Friday, November 27, 2009

Bobcat practice ...

I spent a few hours today practicing on the Bobcat, getting my skills back enough to plow snow at the railroad this winter.

The railroad got a new Bobcat last spring, and it is a lot easier to work with than the old one was.

I'm no expert, but I'll be able to plow ...

Speaking of experts, John sent this video along earlier this week:


Not something to try at home, to be sure.

Well, it wasn't the Police Blotter, anyway ...

Michael showed up at the railroad this morning to unexpected congratulations.

The Baraboo News-Republic printed its weekly summary of vital statistics (births, marriage licenses, applications for domestic partnership) on Wednesday and picked up on our domestic partnership application filed Monday.

We didn't see it because we don't get the print version of the paper, reading it online as we do, and we probably wouldn't have noticed it anyway.

Roberta did, though, and before long everyone out at the railroad knew, so Michael and I spent the day getting congratulated and answering questions about the domestic partnership law.

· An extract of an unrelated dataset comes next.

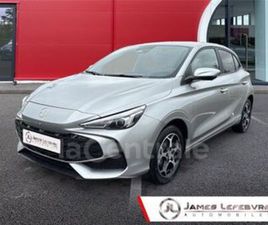 MG MG3 1.5 HYBRID+ 195 LUXURY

I got mileage out of my explanation that Michael was confused about the law, thinking that "domestic partner" meant "domesticated partner", believing that the law would make me behave myself.

Fat chance.

Thanksgiving

Jim and Adele joined us for Thanksgiving, on the understanding that we would not talk about the commotion at railroad.

Jim is one of the railroad's charter members, and is a link back to the Stanley days, because Jim worked at the railroad as a teenager in the 1950's. He is the railroad's unofficial historian. Jim's memories were put on videotape last year, and will be an enduring record.

The food was good, dinner was fun, and Jim and I swapped stories about growing up on the river until Michael and Adele signaled a halt to the stories.

Living Hell

If you have any doubt about the living hell that far-right Christians will create if given the chance, study the proposed "anti-homosexuality" law in Uganda.

Among other things, the bill requires citizens -- even a father or a mother -- to report homosexuals to the government for prosecution within 24 hours of learning about the person's homosexuality, imposing a three-year jail sentence on those that do not.

Mandating that a father or mother to turn in their own son or daughter on pain of imprisonment is an Orwellian twist even I hadn't imagined, something right out of Stalinist Russia. All in the name of Christian family values, I suppose.

And if you have any question about the raw, primal hatred and hypocrisy of far-right Christians like Pastor Martin Ssempa, a prominent backer of the bill, a man tied to prominent figures on the far-right Christian movement in this country, ponder this:

The bill mandates the death penalty for HIV-positive gays who engage in sexual conduct, but mandates no penalty at all for HIV-positive straights who engage in sexual conduct.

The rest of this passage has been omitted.